Así que la excusa que se propuso fue desayunar cada día churros. El Bullicio tenía la ventaja de que estaba suficientemente lejos de casa, eso le permitía un paseo de algo menos de media hora de ida y otro más de vuelta. Con el tiempo, descubriría otra ventaja más: de vez en cuando saludar y charlar con las y los habituales de allí.
Cuando yo bajaba a Jaén, le acompañaba siempre a la churrería. Para mí, lo principal era compartir tiempo con ella, pero también ahora pienso que fue una manera de apoyar esa gran causa con una solución que, mirado de una manera, es hasta una idea divertida.

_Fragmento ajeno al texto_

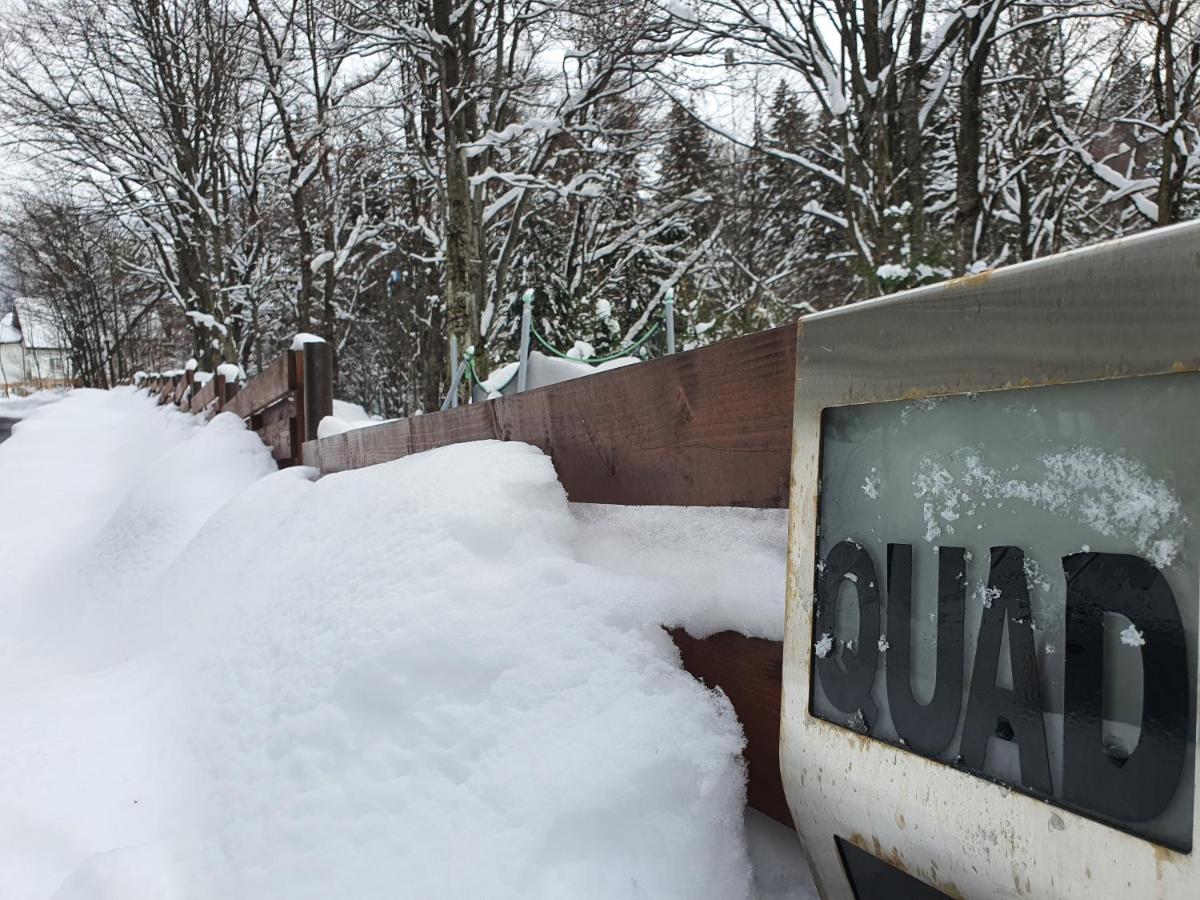Villa Quad Poiana Brasov Buitenkant foto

Los jefes también suelen desayunar aquí, me susurró algún que otro día. El momento en que por fin coincidimos y me señaló a “los jefes”, ella fue la sorprendida. Yo me acerqué a la mesa y les saludé. Les conocía. Yo les había dado un taller tiempo atrás, ya que son de una asociación de personas con discapacidad.
Cuando tiempo después mi madre murió, yo seguí con la costumbre de desayunar churros en Madrid. Aunque aquí en Madrid les llaman porras. Es una especie de homenaje amable. A veces la gente me pregunta por qué me gustan tanto los churros. Yo suelo sonreírme. Si insisten, respondo que me recuerdan a mi madre. Pero, la respuesta larga es que, posiblemente, durante un buen tiempo, los churros le salvaron la vida a mi madre.
Este jueves 26 de octubre hace ya 4 años que mi madre no está, pero ayer volví a desayunar e invitar a churros a mis amistades… y me apetecía compartir este recuerdo.